* **The data**:
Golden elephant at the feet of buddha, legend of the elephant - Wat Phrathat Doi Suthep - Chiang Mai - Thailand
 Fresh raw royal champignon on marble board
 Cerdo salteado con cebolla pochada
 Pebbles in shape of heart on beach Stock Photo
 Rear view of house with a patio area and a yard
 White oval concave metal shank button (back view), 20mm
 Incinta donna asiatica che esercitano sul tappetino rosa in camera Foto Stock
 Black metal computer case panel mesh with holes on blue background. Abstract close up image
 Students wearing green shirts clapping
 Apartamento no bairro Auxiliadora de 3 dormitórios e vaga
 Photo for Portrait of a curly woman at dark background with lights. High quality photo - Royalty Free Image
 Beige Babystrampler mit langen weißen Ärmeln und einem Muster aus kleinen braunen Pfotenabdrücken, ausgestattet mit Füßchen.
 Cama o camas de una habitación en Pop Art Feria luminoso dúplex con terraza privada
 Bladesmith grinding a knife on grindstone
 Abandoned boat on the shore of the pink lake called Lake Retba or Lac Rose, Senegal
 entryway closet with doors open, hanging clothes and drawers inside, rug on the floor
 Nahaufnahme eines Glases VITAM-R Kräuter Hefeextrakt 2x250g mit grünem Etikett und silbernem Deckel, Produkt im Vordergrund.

* **Task description**:
Copy range, inclusive: the line holding "Rear view of" to the line holding "Abandoned boat on". Reproduce exactly those lines of the records above and no others.

* **Task response**:
 Rear view of house with a patio area and a yard
 White oval concave metal shank button (back view), 20mm
 Incinta donna asiatica che esercitano sul tappetino rosa in camera Foto Stock
 Black metal computer case panel mesh with holes on blue background. Abstract close up image
 Students wearing green shirts clapping
 Apartamento no bairro Auxiliadora de 3 dormitórios e vaga
 Photo for Portrait of a curly woman at dark background with lights. High quality photo - Royalty Free Image
 Beige Babystrampler mit langen weißen Ärmeln und einem Muster aus kleinen braunen Pfotenabdrücken, ausgestattet mit Füßchen.
 Cama o camas de una habitación en Pop Art Feria luminoso dúplex con terraza privada
 Bladesmith grinding a knife on grindstone
 Abandoned boat on the shore of the pink lake called Lake Retba or Lac Rose, Senegal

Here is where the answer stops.